The area includes a multi-level indoor shopping mall, the Fashion Centre at Pentagon City, also known as the Pentagon City Mall. On the west side of the Fashion Centre is Pentagon Row, which includes a grocery store and smaller specialty stores and restaurants in the midst of high-end apartments. Pentagon Row features an outdoor ice rink during the winter and a free outdoor concert series on the plaza in the summer. A third shopping facility, Pentagon Centre, is located to the east of the Fashion Centre across Hayes Street.

Pentagon City also is home to the DEA, TSA, and other office buildings housing various federal government agencies and businesses. Given the proximity to the Pentagon, many are defense-related businesses. The Drug Enforcement Administration Museum and Visitors Center is located nearby on Army Navy Drive.

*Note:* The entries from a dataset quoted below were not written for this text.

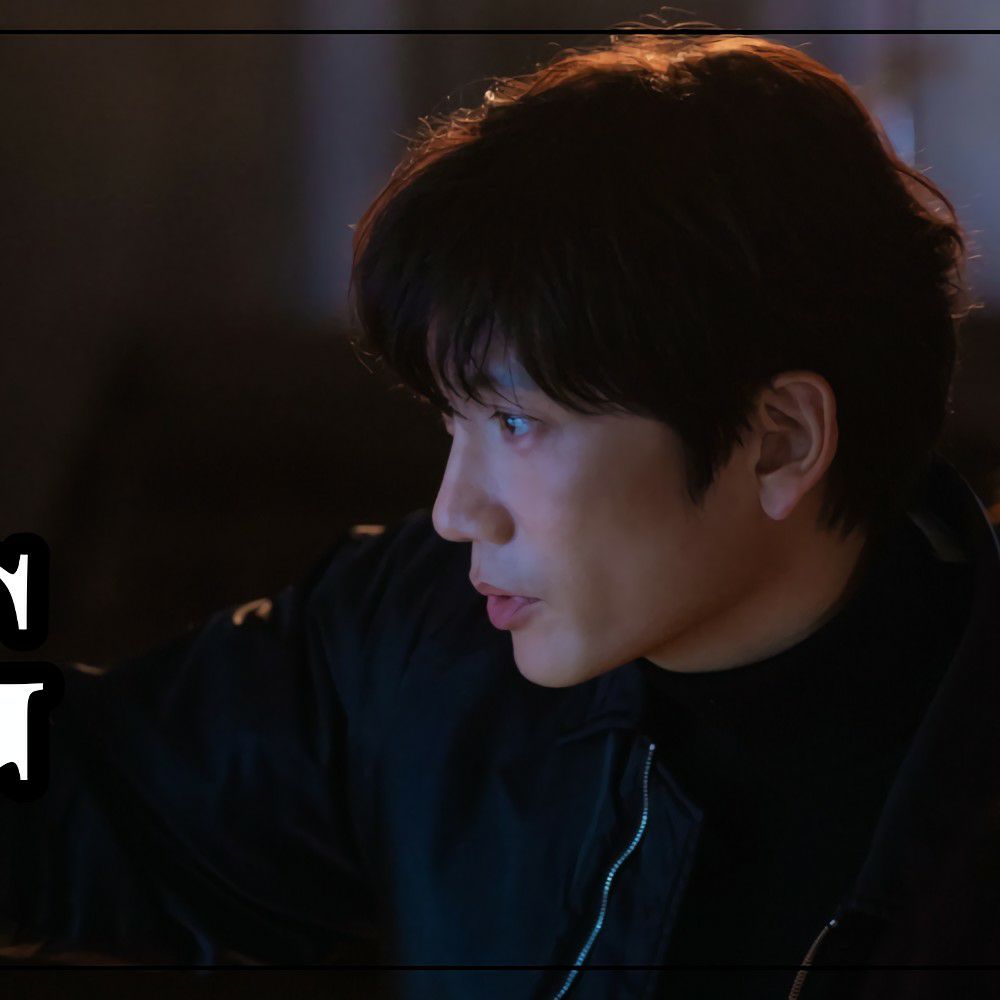 Behind-the-scenes cut of Ji Sung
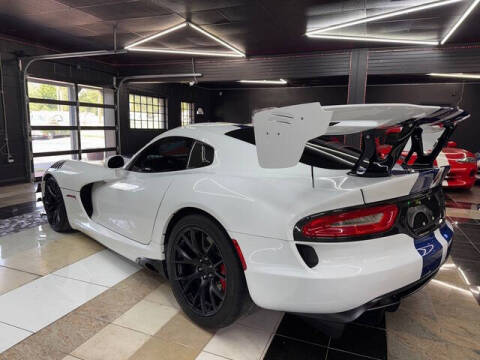 2016 Dodge Viper GTC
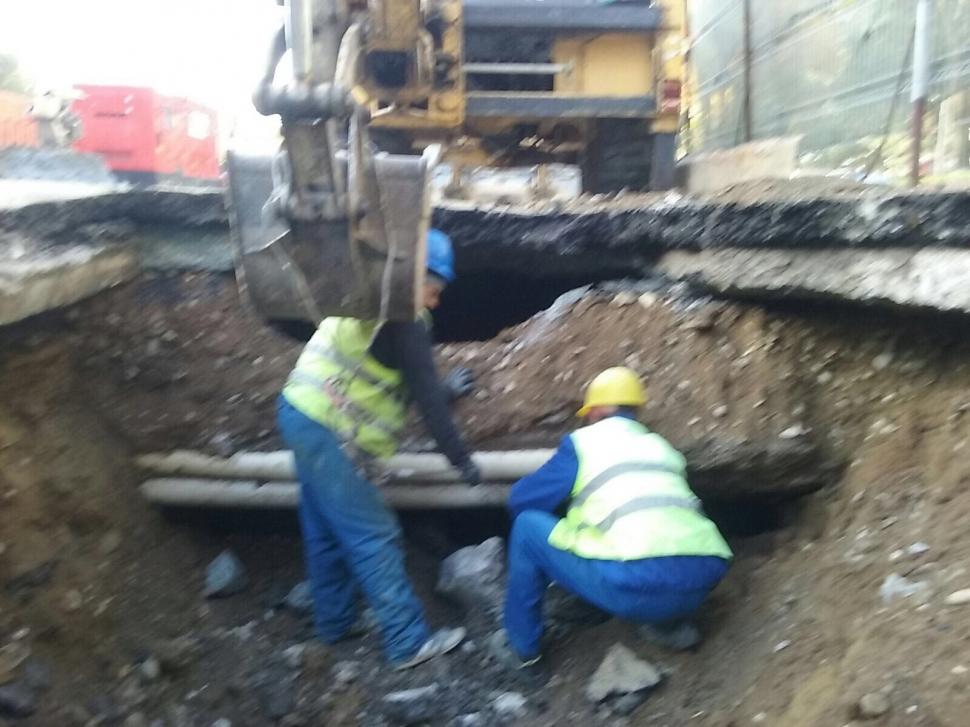 Trafic restricționat pe șoseaua Mihai Bravu din Capitală. Apa Nova București înlocuiește un canal colector vechi de 90 de ani care a cedat 485972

Amazon's east coast headquarters, dubbed the "HQ2" campus, is located in Pentagon City. Metropolitan Park and the WAS17 "Merlin" and WAS19 "Jasper" buildings are at the heart of it. The Amazon "Helix" building is planned for future development in Pentagon City.

==Residential==
Within Pentagon City there are many high-rise luxury apartments and condos. Around the Fashion Centre Mall complex are several apartment buildings including The Metropolitan at Pentagon Row, Pentagon Row, and Park View. Across from the Pentagon City Mall and Costco is the four-story Southampton Condominium townhouse community. Also on that block are Claridge House, and Potomac Center Genesis Care; both residences for retired as well as disabled residents.

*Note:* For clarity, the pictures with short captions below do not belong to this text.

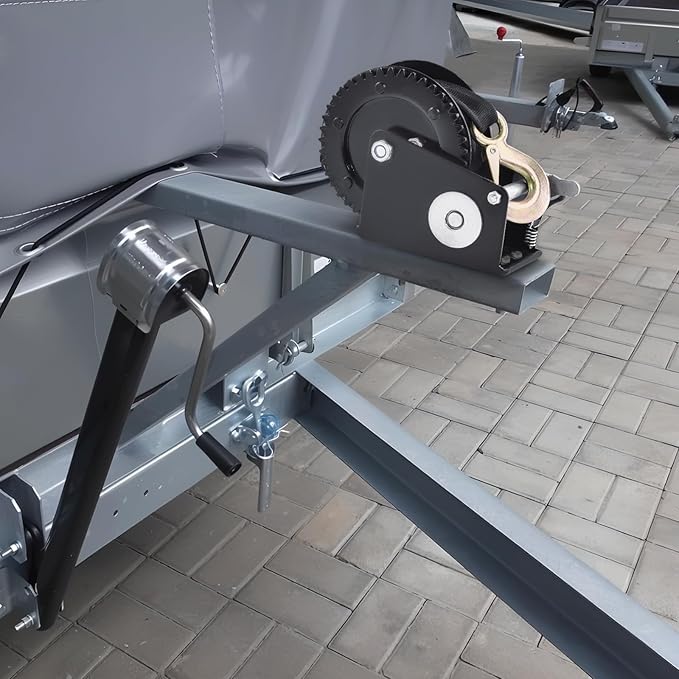 VEVOR Boat Winch, 2000 lbs Capacity Hand Boat Trailer Winch Heavy Duty Rope Crank with 23 ft Polyester Strap and Two-Way Ratchet, Manual Operated Hand Crank Winch for Trailer, Boat or ATV Towing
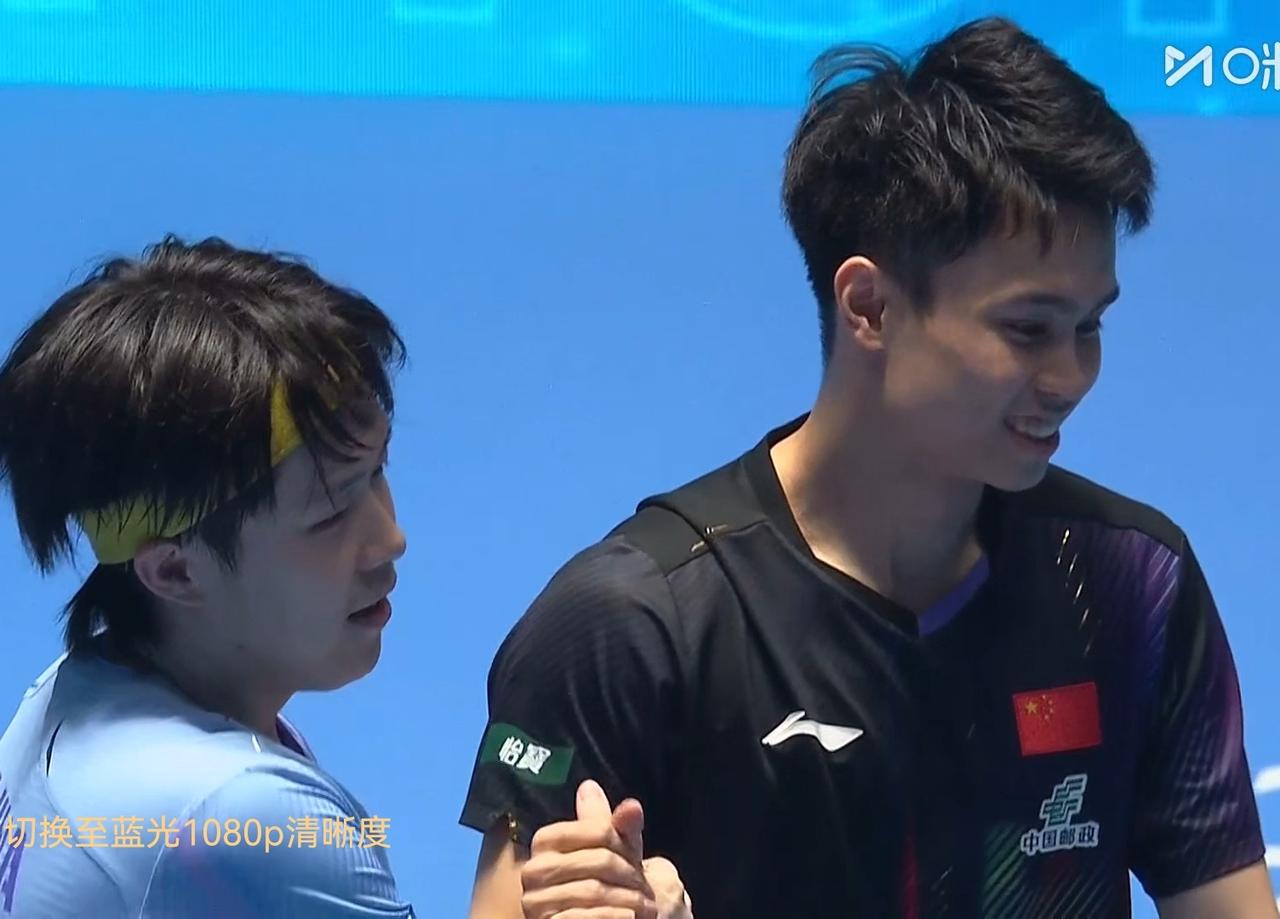 海口亚乒赛8进4，王楚钦在先失一局的情况下，耐心与队友启豪周旋，最终双方经过6局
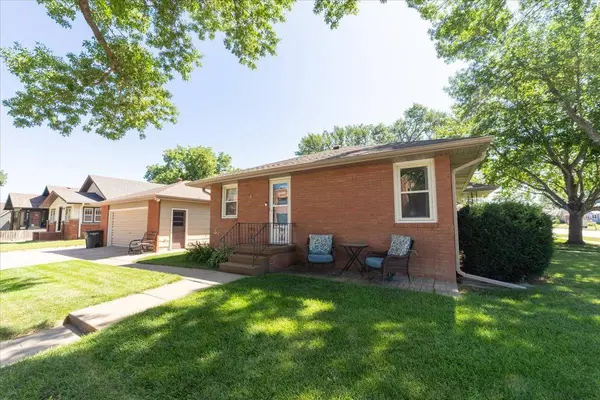 505 E 3rd Street, Hastings, NE 68901
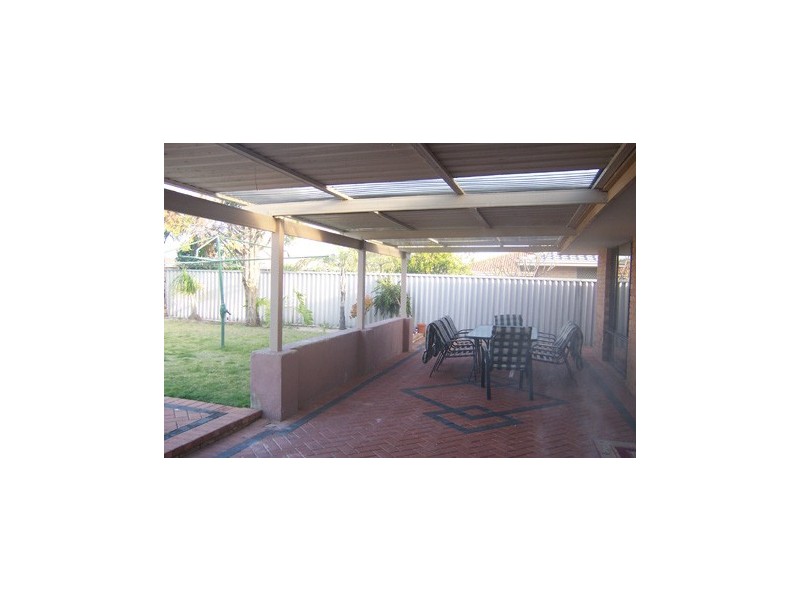 1 Yacht Court, Heathridge WA 6027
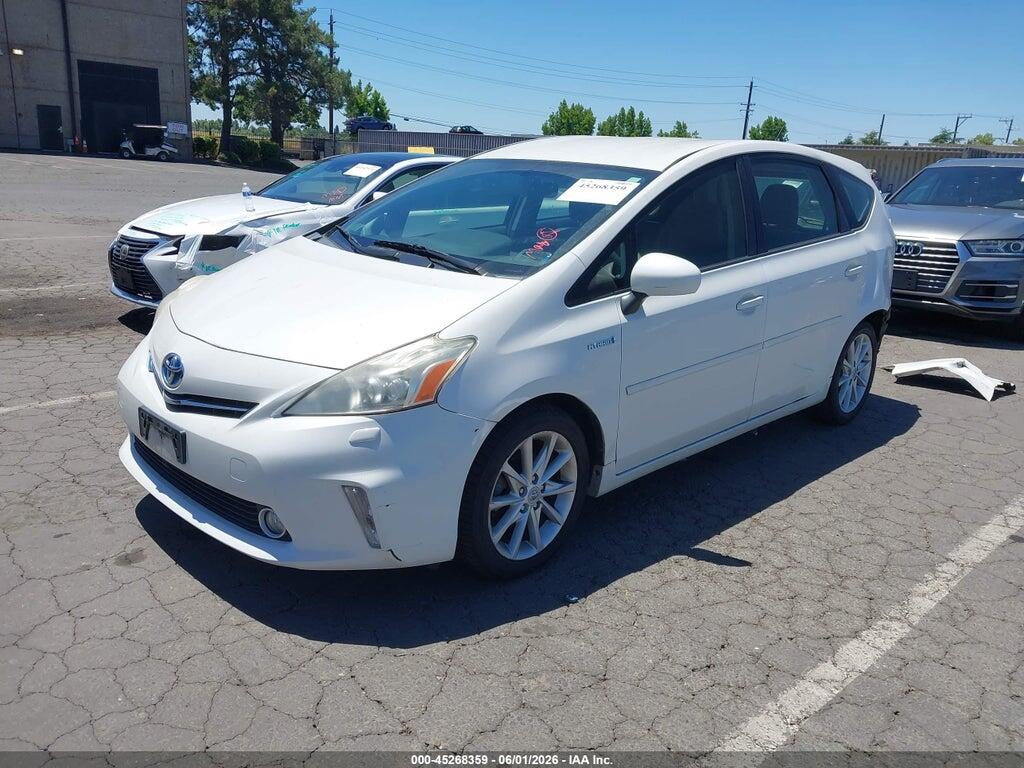 JTDZN3EUXC3064426 2012 TOYOTA PRIUS V photo no. 2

There is an open eight phase construction site next door to Costco on Fern Street, where the new Metropolitan Park development is being constructed. Kettler, real-estate development and property management company, razed warehouses that were a portion of an older industrial park for the project. The first phase of the project, completed in late 2007, consisted of the Gramercy at Metropolitan Park high-end rental apartments. Phase two of the project was completed in late 2009 and consists of The Millennium at Metropolitan Park, a second high-end rental apartment building. Both phases were architecturally planned by Robert A.M. Stern and include ground floor retail spaces suitable for any use. A two-and-a-half-acre park, with commissioned art, is also being constructed at the center of the project.

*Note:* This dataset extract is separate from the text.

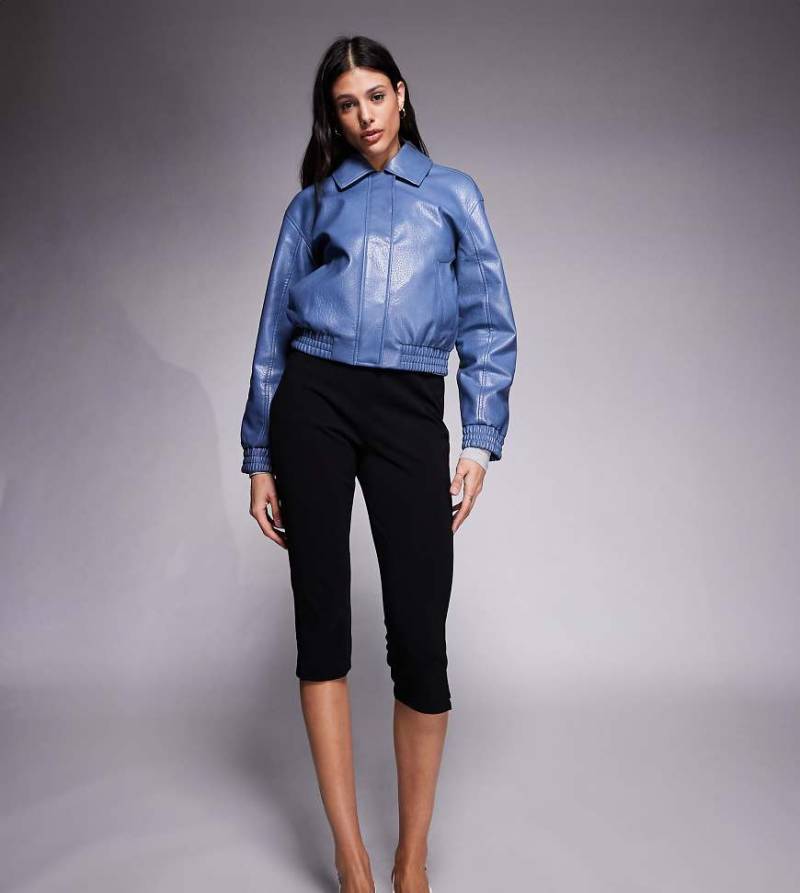 ASOS DESIGN Tall - Caprihose in Schwarz mit Seitenschlitz ASOS DESIGN Tall - Caprihose in Schwarz mit Seitenschlitz von ASOS Tall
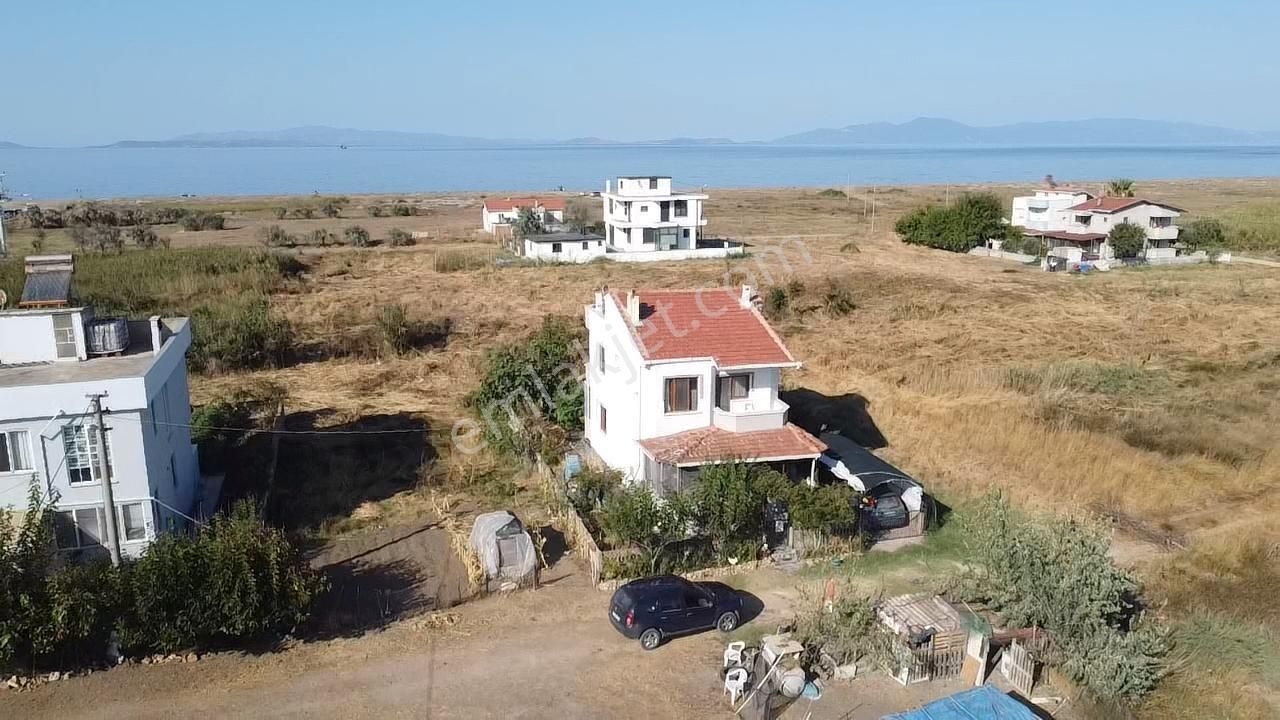 Denize Sıfır Yaz Kış Tatil Konforunda Villa - Görsel 2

Virginia Highlands Park, located immediately south of the central retail area, provides a lush green space as well as basketball, tennis, soccer, and softball/baseball facilities. Adjacent to the park are the Aurora Hills branch of the Arlington Public Library system and a firehouse. The suburban neighborhood of Aurora Highlands, which consists primarily of single-family detached housing, extends due south of Pentagon City.